Several unstable marriages and a convicted pedophile’s presence in a quiet suburban community ignite a complex, fast-moving plot.
Darker than such sprightly entertainments as Joe College (2000) and The Wishbones (1997), Perrotta’s fourth is an anatomy of marital and familial discord focused on four variously conjoined and separated couples. Sarah Pierce instantly falls for handsome househusband Todd, dubbed “the Prom King” by her fellow moms, who furtively ogle him at the playground where they all bring their kids. Sarah soon wants freedom from her (much older) husband Richard, a product consultant helplessly fixated on an Internet porn queen. Todd’s wife Kathy, a hardworking documentary filmmaker, gradually loses patience with his failures to pass his bar exam.
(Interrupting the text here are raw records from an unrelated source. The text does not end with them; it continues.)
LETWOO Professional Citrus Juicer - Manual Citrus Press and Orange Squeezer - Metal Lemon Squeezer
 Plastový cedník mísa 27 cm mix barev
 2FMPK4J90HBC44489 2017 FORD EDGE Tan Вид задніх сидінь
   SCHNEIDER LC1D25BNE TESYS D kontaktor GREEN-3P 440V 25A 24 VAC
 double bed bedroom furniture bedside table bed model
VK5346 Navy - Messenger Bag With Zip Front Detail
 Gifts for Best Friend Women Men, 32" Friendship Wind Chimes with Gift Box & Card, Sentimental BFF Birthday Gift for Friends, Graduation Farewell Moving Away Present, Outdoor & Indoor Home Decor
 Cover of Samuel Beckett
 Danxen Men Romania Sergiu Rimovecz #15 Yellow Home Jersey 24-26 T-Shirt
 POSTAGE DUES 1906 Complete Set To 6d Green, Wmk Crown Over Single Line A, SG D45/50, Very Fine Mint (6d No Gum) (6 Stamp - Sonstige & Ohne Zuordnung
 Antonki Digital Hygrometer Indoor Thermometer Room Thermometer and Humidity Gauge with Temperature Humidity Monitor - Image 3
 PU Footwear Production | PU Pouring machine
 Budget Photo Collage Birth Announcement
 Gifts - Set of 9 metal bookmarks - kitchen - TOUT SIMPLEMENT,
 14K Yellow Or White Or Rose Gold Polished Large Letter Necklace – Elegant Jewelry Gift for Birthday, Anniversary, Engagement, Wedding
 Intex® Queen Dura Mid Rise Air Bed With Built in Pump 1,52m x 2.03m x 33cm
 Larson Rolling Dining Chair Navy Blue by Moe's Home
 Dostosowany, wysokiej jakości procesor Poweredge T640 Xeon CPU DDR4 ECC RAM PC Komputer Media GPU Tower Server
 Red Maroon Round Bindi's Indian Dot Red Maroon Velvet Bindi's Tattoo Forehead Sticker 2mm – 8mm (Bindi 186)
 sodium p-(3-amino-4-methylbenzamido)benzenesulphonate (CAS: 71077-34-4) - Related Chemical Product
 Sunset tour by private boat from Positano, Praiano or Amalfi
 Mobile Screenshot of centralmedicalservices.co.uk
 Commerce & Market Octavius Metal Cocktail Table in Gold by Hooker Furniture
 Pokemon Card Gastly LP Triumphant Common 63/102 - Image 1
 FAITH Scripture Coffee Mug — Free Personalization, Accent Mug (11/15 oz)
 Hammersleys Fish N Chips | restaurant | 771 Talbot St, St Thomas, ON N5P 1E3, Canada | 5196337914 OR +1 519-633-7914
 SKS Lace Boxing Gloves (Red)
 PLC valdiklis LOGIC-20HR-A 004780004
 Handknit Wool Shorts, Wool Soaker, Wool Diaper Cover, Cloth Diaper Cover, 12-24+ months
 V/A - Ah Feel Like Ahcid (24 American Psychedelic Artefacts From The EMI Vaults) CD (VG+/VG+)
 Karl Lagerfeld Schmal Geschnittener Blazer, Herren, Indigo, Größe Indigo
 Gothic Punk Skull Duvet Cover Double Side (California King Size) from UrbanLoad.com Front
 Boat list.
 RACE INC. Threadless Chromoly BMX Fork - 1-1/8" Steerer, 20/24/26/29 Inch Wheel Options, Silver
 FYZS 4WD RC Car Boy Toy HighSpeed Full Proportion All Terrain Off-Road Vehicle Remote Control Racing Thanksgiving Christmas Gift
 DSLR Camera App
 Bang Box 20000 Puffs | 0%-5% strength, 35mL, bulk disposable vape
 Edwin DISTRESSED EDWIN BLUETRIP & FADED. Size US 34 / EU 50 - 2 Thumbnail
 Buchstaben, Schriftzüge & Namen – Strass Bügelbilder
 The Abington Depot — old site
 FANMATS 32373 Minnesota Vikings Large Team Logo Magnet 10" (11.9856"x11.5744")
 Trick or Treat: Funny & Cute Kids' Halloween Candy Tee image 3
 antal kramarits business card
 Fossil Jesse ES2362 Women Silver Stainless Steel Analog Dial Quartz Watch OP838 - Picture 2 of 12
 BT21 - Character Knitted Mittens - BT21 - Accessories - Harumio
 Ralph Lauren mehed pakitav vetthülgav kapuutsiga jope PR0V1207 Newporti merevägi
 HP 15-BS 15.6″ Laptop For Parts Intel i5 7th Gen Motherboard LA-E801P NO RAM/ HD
As Sarah and Todd begin a heady affair, ex-con sexual predator Ronnie McGorvey comes to live among them all with his widowed mother (and only companion) May, provoking neighborhood protests and stoking the already smoldering rage of Todd’s touch-football league teammate Larry Moon, separated from his family and “retired” from the police department after he shot to death a black teenager brandishing a toy pistol. All these lit fuses eventually spark the superb extended climax, capped by a touching and deeply ironic resolution scene, which occurs at the same playground where its actions began. Savvy dialogue and interior monologue, characters so real you know you have relatives and neighbors exactly like them, and Perrotta’s unerring grasp of the cultures of marriage and young parenthood pull the reader smoothly through a flexible narrative filled with little shocks of surprise and stunning set pieces (Kathy’s awkward dinner party for Todd’s “friends” Sarah and Richard, and his team’s epic slugfest vs. a superior opponent are particular standouts). And the juxtapositions whereby Perrotta charts his several characters’ interconnected misadventures are handled with masterly authority.
An accomplished comic novelist extends his range brilliantly. Perrotta’s best.